ASSIGNMENT.
Restate all of the following data exactly, keeping any images out of the copy.

EXERCISE DATA.

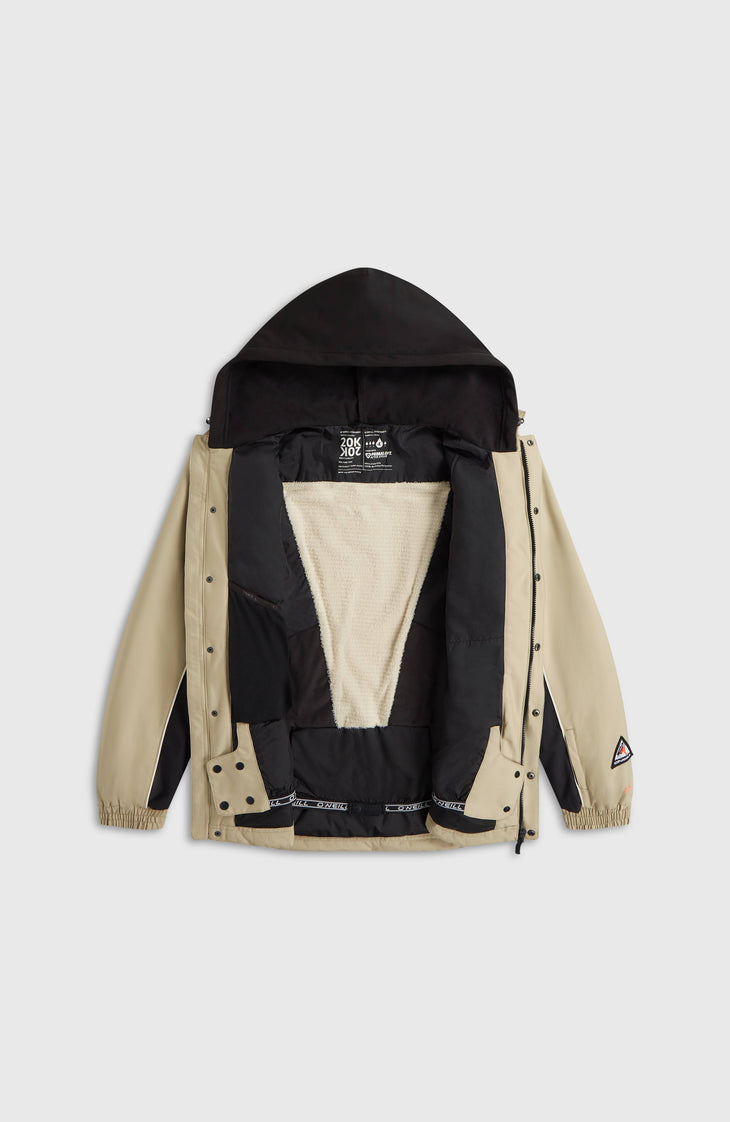FWC'Play Shacket Snow Jacket | Olive Blush Colour Block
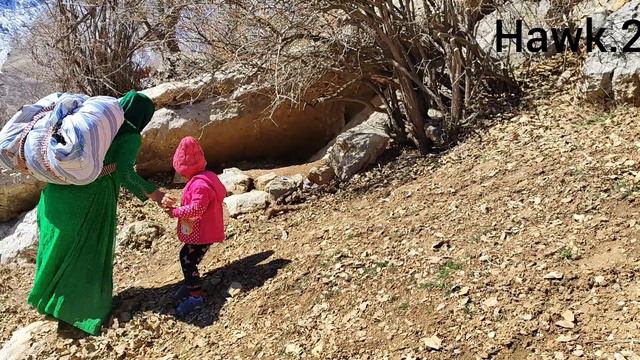 Under The Big Rock: Mother And Child Struggle For Safety Cameraman's Support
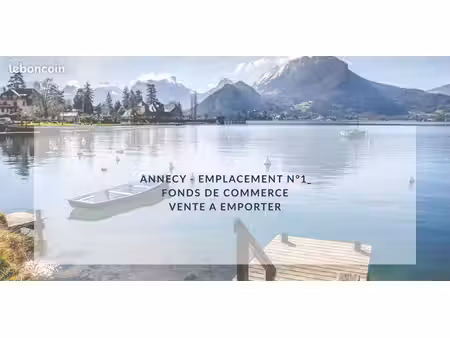 fonds de commerce 30 m² annecy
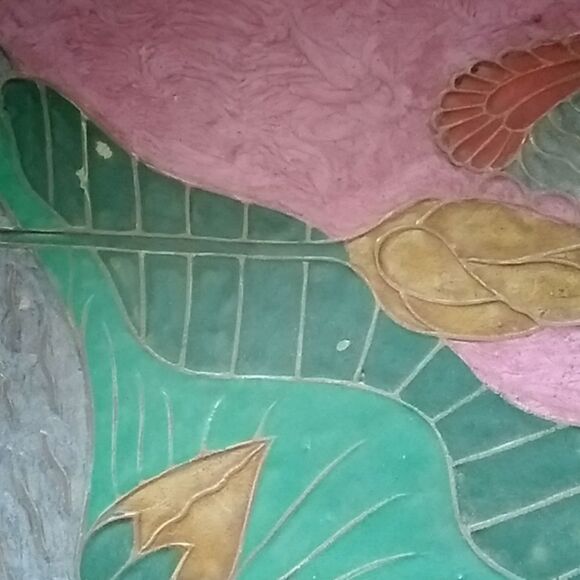 VTG,Cloisonne Brass Metal Enamel Hand Painted Hummingbird Flower Covered Bowl - Picture 11 of 15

PROBLEM SOLUTION.
FWC'Play Shacket Snow Jacket | Olive Blush Colour Block
 Under The Big Rock: Mother And Child Struggle For Safety Cameraman's Support
 fonds de commerce 30 m² annecy
 VTG,Cloisonne Brass Metal Enamel Hand Painted Hummingbird Flower Covered Bowl - Picture 11 of 15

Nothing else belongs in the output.